SUPPLIED DATA:
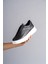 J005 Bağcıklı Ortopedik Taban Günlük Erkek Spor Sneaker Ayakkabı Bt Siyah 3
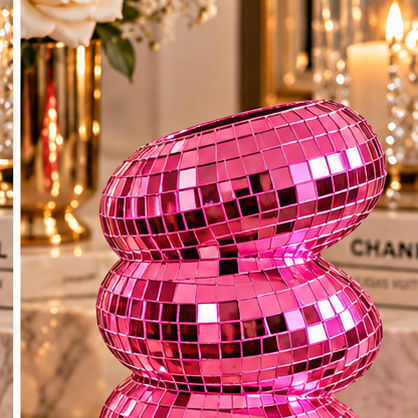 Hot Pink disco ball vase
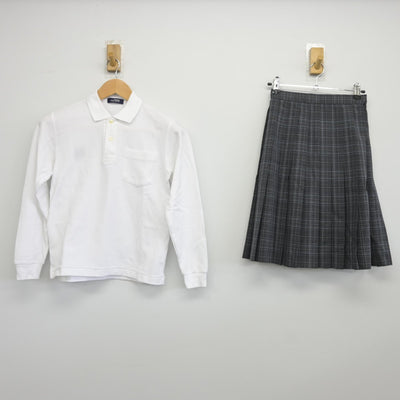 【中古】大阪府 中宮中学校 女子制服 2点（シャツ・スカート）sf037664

--

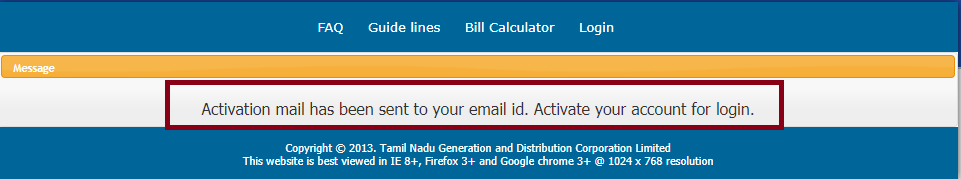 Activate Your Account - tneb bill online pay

REQUIRED WORK: Leaving every picture aside, reproduce exactly the lines above from the one with "J005 Bağcıklı Ortopedik" up to and including the one with "中宮中学校 女子制服 2点（シャツ・スカート）sf037664", and no others.

WRITTEN SOLUTION:
 J005 Bağcıklı Ortopedik Taban Günlük Erkek Spor Sneaker Ayakkabı Bt Siyah 3
 Hot Pink disco ball vase
 【中古】大阪府 中宮中学校 女子制服 2点（シャツ・スカート）sf037664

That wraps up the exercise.